◆ **Records for processing**
>>>>>
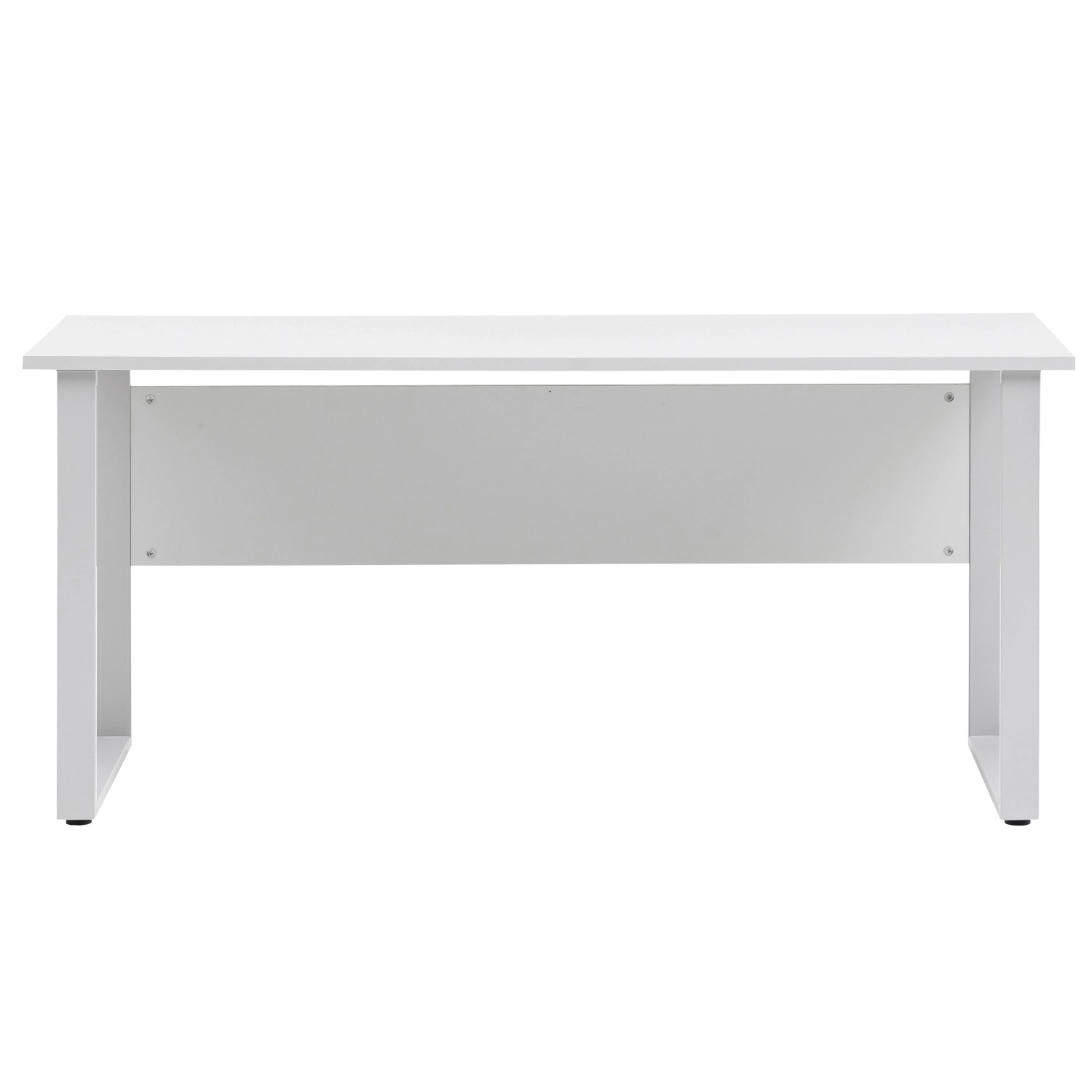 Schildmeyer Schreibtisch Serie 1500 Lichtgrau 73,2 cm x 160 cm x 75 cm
<<<<<
>>>>>
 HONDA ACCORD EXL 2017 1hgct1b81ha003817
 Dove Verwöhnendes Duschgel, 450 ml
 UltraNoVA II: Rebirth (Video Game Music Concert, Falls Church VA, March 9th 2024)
<<<<<
>>>>>
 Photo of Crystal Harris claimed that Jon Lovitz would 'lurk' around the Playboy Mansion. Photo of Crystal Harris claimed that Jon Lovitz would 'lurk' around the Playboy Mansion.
<<<<<
◆ **Required action**
Everything from the line containing "Dove Verwöhnendes Duschgel, 450 ml" through the line containing "UltraNoVA II: Rebirth" in the material above should be retyped exactly, both ends included, and nothing more.

◆ **Answer box**
 Dove Verwöhnendes Duschgel, 450 ml
 UltraNoVA II: Rebirth (Video Game Music Concert, Falls Church VA, March 9th 2024)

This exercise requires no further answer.